Ralin wrote: ↑2020-02-25 06:56am
Isn't the concern as much about trying to stop this particular coronavirus from becoming a yearly recurring thing like flu season as it is about avoiding deaths in the near-term?
The major concern right now is preventing a global pandemic (which effort is not going perfectly). The virus running rampant among new hosts, even with a 1-2% death rate, will result in somewhere between 45 and over 100 million deaths (depending on whose figures you follow). That's
on top of all the "normal" deaths that society already copes with, which apparently number 50-60 million people a year (again, numbers vary depending on who you ask). So
potentially this could double the annual death toll for the planet. Or more. It
might. That doesn't mean it has to, but those accusing people
concerned about this virus of being hysterical or over-reacting are burying their heads in the sand. Being concerned and contemplating possible outcomes is not panic or fear-mongering, it's being prudent.
That said, yes, there ARE some frightened people out there doing bad shit like stealing masks from hospitals or otherwise engaged in panic moves. But they are a small minority (at this point). Any competent response to this threat will have to take into account that sort of human behavior.

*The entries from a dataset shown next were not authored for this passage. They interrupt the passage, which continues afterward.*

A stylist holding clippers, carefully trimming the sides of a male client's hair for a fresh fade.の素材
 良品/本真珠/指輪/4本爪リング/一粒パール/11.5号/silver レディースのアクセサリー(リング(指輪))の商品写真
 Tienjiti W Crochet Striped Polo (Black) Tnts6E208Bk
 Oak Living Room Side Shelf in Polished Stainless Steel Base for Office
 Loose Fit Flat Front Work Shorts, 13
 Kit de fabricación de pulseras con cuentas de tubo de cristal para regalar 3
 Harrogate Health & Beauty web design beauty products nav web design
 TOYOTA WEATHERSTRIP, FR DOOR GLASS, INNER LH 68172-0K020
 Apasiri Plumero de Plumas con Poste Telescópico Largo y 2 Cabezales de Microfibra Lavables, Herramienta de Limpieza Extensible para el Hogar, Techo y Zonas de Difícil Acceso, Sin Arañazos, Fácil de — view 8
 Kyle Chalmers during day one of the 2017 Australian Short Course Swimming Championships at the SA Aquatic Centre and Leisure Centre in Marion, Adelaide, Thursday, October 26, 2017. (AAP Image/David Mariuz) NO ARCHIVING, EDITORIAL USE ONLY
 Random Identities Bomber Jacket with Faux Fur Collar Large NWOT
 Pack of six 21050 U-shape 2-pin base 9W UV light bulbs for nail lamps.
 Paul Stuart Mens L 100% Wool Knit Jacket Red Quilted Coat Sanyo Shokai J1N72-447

In contrast, there are another group who keep grousing that it's all over-reaction. If we don't get a global pandemic they'll complain it was all an over-reaction of hysterical ninnies, ignoring all the efforts that went into to keeping it a regional problem rather than everyone's problem.
If it DOES go pandemic after the initial global sweep it will become an annual thing, like the colds (many of which are also coronaviruses) and flu we deal with every year, but because, after a pandemic, so many people will have had this and recovered (because the vast majority do recover) that it will become a relatively rare illness for that specific virus and blend into the background of other seasonal infections. Yes, it will still be more serious than some other coronavirus infections, but there will be fewer people to act as hosts (with so many recovered and presumably immune) so it would not produce concentrated centers of illness, it won't be able to travel as easily, and so forth.